» What you have to do: Please repeat the records below exactly, but only from the line that contains "Dr. Martens Women's" onward, ending with the last line.
START The input
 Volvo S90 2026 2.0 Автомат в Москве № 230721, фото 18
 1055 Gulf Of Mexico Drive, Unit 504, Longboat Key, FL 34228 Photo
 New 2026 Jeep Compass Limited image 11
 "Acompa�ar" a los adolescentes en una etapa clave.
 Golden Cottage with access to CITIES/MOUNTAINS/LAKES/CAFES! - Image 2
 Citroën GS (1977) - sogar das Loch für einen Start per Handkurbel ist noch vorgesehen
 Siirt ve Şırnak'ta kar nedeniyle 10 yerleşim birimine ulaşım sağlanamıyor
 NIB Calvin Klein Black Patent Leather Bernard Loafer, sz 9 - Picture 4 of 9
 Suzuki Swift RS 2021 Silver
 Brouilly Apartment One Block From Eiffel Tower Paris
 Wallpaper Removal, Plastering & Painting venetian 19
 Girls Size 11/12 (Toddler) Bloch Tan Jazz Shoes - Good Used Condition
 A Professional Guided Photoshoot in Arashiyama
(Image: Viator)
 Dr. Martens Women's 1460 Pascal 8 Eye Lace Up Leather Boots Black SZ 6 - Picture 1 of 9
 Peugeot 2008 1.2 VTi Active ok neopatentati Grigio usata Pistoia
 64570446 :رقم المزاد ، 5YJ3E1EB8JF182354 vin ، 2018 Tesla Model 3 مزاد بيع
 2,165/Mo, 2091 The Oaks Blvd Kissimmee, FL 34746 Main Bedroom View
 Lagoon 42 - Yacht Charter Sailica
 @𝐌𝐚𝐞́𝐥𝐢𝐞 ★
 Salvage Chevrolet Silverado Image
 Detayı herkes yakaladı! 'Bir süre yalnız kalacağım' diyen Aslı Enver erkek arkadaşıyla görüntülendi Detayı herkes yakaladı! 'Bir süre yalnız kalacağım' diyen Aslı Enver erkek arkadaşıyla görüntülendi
END The input
» Finished exercise:
 Dr. Martens Women's 1460 Pascal 8 Eye Lace Up Leather Boots Black SZ 6 - Picture 1 of 9
 Peugeot 2008 1.2 VTi Active ok neopatentati Grigio usata Pistoia
 64570446 :رقم المزاد ، 5YJ3E1EB8JF182354 vin ، 2018 Tesla Model 3 مزاد بيع
 2,165/Mo, 2091 The Oaks Blvd Kissimmee, FL 34746 Main Bedroom View
 Lagoon 42 - Yacht Charter Sailica
 @𝐌𝐚𝐞́𝐥𝐢𝐞 ★
 Salvage Chevrolet Silverado Image
 Detayı herkes yakaladı! 'Bir süre yalnız kalacağım' diyen Aslı Enver erkek arkadaşıyla görüntülendi Detayı herkes yakaladı! 'Bir süre yalnız kalacağım' diyen Aslı Enver erkek arkadaşıyla görüntülendi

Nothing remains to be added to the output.